And then pain became his world. It was a familiar pain, though, and while the air he had just so greedily sucked into his lungs was punched out of his body, Gellert almost relished in the knowledge that he was alive!

He was about to stammer something when the voice of Herr Johannes cut through the static noise in his ears.

"Shut your mouth, boy! I have no need to hear your dung for brain spout any excuses!"

From the distance odd sounds reached Gellert's ears as he forced his eye open. He'd never heard anything of the likes before and yet he, almost by instinct, could tell it was something akin to an landslide that must have caused them.

Then he took note of the fact that he was afloat in the air, strung up like a puppet by some invisible strings.
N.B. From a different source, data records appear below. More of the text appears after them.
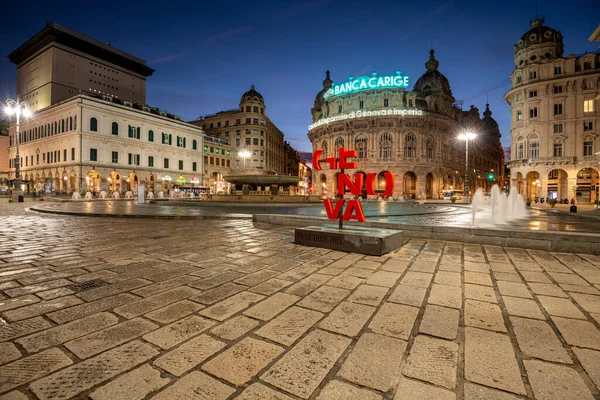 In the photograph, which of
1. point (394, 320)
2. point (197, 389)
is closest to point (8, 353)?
point (197, 389)

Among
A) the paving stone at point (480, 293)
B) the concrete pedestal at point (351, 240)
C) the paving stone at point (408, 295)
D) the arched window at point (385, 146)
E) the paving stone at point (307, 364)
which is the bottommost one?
the paving stone at point (480, 293)

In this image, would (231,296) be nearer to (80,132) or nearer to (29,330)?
(29,330)

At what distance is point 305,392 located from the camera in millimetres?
1796

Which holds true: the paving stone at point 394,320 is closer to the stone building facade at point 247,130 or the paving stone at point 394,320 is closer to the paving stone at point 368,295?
the paving stone at point 368,295

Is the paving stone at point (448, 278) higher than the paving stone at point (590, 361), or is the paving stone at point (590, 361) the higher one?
the paving stone at point (448, 278)

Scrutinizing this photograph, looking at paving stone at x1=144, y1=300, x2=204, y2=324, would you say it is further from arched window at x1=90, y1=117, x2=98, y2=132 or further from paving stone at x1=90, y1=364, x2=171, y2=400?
arched window at x1=90, y1=117, x2=98, y2=132

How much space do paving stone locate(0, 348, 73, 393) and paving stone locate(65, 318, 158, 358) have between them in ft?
0.33

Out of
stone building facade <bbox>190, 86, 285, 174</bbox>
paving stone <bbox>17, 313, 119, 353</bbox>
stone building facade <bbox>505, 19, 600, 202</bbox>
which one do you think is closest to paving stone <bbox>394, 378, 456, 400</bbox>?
paving stone <bbox>17, 313, 119, 353</bbox>

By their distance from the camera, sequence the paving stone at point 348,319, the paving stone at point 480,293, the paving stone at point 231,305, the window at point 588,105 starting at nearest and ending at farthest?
the paving stone at point 348,319 → the paving stone at point 231,305 → the paving stone at point 480,293 → the window at point 588,105

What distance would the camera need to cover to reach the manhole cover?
11.8ft

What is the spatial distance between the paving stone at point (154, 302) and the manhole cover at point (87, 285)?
95 centimetres

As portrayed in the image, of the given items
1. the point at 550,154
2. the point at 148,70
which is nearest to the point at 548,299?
the point at 550,154

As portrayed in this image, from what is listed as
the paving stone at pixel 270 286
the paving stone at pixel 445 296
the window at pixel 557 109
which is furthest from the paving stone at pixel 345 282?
the window at pixel 557 109

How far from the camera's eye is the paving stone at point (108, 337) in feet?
7.35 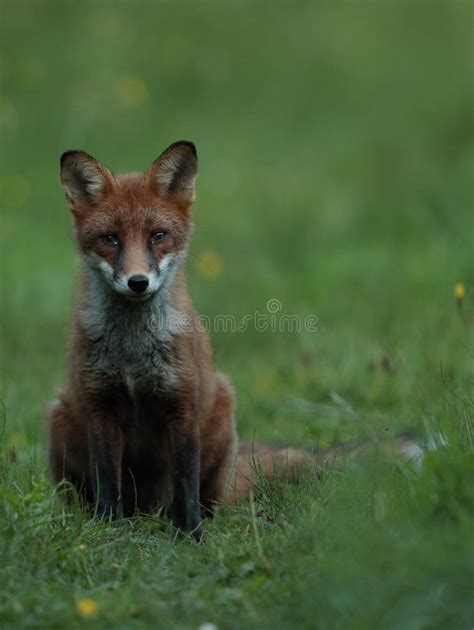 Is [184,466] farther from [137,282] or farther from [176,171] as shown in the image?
[176,171]

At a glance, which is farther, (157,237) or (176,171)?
(176,171)

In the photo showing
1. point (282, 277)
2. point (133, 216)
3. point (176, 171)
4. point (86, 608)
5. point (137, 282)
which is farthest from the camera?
point (282, 277)

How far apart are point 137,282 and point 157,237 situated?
0.40 meters

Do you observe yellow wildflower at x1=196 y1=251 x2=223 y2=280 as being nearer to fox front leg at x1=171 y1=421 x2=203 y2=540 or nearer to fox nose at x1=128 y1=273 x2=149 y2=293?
fox front leg at x1=171 y1=421 x2=203 y2=540

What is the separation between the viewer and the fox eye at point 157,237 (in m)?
5.28

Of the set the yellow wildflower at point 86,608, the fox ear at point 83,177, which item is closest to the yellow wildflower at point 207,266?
the fox ear at point 83,177

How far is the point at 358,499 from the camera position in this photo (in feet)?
13.7

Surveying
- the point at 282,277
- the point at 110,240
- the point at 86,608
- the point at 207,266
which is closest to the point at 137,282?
the point at 110,240

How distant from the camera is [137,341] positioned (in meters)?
5.41

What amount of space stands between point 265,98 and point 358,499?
14211 mm

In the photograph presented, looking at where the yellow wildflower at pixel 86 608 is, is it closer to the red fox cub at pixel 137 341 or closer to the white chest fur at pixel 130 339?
the red fox cub at pixel 137 341

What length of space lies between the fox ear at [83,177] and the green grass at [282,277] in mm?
1417

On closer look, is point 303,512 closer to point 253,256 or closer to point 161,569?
point 161,569

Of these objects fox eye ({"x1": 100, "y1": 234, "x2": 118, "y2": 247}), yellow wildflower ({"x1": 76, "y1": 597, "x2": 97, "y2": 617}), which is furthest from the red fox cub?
yellow wildflower ({"x1": 76, "y1": 597, "x2": 97, "y2": 617}) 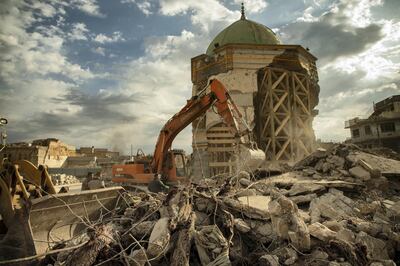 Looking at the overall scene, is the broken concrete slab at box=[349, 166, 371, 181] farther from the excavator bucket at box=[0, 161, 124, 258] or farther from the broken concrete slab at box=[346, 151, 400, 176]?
the excavator bucket at box=[0, 161, 124, 258]

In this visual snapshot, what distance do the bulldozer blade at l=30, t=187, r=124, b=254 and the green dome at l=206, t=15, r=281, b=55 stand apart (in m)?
11.6

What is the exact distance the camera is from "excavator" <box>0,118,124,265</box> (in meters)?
3.63

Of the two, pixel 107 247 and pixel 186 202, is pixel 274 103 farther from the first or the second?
pixel 107 247

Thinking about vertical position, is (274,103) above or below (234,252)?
above

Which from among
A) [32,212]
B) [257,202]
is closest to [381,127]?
[257,202]

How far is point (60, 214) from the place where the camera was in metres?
4.18

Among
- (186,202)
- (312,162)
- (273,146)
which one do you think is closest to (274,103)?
(273,146)

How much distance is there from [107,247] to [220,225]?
5.34ft

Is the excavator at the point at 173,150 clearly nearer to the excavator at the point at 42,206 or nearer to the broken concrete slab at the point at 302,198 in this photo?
the excavator at the point at 42,206

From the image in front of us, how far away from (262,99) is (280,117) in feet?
4.31

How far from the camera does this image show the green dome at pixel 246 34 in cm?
1459

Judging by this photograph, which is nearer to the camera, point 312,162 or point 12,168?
point 12,168

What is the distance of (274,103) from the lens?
13.4 meters

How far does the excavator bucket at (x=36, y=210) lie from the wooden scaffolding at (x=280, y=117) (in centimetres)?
972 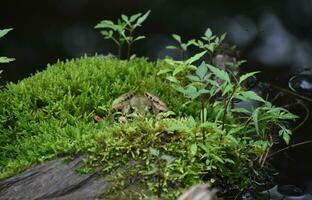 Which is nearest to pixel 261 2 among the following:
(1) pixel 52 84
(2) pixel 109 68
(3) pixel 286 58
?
(3) pixel 286 58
It was an odd feeling because he could feel the magicks that kept him in place, and he knew quite without having any idea where from or how, that he could easily escape.

"May I open my eyes now, Sir?" A rather rattled voice asked quietly from a few steps to Gellert's right. He couldn't turn his head, but he recognized the voice.
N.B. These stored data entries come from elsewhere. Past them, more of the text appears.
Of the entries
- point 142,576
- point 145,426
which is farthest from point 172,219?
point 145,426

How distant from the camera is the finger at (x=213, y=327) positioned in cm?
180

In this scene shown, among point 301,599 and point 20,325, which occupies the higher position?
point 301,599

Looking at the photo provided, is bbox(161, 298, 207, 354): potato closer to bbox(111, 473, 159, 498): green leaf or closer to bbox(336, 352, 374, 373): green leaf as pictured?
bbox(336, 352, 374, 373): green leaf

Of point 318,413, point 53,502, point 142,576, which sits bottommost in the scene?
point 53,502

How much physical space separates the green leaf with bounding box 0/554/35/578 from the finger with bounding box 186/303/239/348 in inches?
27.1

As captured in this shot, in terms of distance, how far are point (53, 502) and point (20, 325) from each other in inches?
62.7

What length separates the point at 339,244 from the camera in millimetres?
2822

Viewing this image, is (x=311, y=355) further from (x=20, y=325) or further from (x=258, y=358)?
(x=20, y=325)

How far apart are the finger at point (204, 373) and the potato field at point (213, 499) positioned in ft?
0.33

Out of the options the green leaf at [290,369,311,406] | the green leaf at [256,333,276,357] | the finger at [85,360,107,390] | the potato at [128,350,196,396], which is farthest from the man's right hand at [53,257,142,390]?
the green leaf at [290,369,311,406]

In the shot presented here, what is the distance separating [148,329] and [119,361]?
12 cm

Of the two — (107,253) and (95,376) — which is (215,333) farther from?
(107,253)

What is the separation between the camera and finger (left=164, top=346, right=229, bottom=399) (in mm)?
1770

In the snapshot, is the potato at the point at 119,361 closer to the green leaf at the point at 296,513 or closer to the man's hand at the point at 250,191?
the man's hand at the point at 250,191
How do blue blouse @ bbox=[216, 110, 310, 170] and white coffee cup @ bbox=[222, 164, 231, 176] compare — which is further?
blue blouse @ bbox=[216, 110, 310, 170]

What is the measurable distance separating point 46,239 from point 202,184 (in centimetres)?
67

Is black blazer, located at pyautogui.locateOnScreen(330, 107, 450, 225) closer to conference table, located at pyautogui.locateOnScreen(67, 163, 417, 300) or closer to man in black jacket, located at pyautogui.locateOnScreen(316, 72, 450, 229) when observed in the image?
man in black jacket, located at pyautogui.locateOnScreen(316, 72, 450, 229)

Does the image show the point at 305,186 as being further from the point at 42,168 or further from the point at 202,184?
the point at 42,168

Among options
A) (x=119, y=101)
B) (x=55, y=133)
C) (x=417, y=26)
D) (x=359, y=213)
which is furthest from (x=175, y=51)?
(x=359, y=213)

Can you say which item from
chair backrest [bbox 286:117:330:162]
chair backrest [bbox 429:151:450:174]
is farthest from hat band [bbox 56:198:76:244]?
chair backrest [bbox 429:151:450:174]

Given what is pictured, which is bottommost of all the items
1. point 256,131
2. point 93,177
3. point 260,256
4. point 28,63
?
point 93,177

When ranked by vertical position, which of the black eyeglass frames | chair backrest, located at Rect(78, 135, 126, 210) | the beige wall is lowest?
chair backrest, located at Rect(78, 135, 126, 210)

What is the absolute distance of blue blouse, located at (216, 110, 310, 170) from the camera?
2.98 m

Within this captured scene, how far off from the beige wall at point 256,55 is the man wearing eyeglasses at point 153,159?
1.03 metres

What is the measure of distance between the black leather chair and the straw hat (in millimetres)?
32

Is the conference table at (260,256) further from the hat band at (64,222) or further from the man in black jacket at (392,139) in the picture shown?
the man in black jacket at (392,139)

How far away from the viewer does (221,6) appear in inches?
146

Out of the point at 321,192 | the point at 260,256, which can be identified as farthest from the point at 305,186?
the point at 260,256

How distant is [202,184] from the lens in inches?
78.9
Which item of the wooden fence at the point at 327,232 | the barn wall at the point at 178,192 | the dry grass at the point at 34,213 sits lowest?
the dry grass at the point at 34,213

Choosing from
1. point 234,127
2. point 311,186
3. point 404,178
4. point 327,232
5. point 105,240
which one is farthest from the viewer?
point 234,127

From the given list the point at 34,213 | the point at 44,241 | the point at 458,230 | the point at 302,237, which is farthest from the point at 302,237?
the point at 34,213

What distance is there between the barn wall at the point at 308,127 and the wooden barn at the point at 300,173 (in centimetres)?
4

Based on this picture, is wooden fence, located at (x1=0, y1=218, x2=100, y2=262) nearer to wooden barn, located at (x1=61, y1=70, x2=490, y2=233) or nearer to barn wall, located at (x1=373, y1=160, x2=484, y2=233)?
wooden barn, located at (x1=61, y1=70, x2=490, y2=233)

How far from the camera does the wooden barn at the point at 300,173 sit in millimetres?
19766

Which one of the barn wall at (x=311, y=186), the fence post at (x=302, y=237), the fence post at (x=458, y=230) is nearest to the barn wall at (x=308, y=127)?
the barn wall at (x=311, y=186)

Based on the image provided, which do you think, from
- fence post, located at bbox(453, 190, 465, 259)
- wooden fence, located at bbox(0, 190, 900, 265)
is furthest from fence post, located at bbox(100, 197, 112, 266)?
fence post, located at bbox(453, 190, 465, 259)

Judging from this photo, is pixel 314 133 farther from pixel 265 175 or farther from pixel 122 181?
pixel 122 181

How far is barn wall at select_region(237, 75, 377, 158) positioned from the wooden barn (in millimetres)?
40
Gellert barely resisted to snort with mirth. He'd never expected the usually so staunch Charms Warden Kiebert to sound so pitiful when not in control of the situation.

Herr Johannes growled lowly, though it was far weaker than Gellert had ever heard before, and immediately the whimpering of Kiebert ceased.
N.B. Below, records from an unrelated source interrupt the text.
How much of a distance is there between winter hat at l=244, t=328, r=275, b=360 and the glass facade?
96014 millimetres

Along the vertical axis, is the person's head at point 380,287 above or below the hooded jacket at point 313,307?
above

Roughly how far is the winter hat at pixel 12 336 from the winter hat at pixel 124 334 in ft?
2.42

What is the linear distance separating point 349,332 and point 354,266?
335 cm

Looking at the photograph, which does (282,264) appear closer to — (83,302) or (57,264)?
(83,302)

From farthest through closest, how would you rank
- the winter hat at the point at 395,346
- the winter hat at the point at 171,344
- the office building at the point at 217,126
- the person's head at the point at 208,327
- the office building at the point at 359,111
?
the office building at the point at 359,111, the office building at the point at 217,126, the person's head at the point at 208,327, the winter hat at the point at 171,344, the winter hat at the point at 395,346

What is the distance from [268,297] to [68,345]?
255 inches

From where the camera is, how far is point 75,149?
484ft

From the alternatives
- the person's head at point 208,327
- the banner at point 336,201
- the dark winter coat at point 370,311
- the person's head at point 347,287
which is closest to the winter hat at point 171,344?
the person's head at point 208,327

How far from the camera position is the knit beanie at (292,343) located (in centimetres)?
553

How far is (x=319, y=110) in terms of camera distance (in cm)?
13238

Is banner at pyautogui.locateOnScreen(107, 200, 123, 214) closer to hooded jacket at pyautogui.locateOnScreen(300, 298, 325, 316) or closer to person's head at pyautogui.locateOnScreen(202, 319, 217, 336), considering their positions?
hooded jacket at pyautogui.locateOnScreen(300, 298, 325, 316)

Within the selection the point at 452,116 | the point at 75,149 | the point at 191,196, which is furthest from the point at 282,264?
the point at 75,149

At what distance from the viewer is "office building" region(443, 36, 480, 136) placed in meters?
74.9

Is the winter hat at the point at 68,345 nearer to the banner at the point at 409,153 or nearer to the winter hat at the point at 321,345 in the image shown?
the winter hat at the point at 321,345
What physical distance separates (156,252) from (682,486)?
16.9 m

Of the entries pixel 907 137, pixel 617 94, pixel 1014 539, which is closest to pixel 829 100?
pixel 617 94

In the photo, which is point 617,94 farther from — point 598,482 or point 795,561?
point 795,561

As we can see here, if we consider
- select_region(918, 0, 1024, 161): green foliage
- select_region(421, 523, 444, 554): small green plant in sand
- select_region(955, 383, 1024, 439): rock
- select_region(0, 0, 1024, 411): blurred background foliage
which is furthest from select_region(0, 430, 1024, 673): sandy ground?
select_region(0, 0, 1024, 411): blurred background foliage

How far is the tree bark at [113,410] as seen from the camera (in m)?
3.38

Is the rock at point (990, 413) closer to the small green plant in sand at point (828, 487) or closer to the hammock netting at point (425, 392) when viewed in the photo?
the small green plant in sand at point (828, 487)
The burning in his right eye, and the pain in his empty eye socket was ignored as Gellert quickly glanced upwards, only to find that the night sky was covered by thick clouds.

Quickly he put the things together he could deduct from the knowledge that he, in fact, was alive and that his grandfather, Herr Johannes, was here.

And so, he asked, "Was the ritual a success then?"

That, Gellert should have known, was the wrong question to ask. Half a second after he had spoken another invisible punch drove the air out of his lungs, caused spittle to fly from his mouth and his guts to hurt somewhat fierce.

Suddenly the sounds in the distance stopped, and with a chanted chorus the counterattack returned with full force once more.

Gellert's eye widened as he saw intense spell-light flood the clearing with its brilliant green shine.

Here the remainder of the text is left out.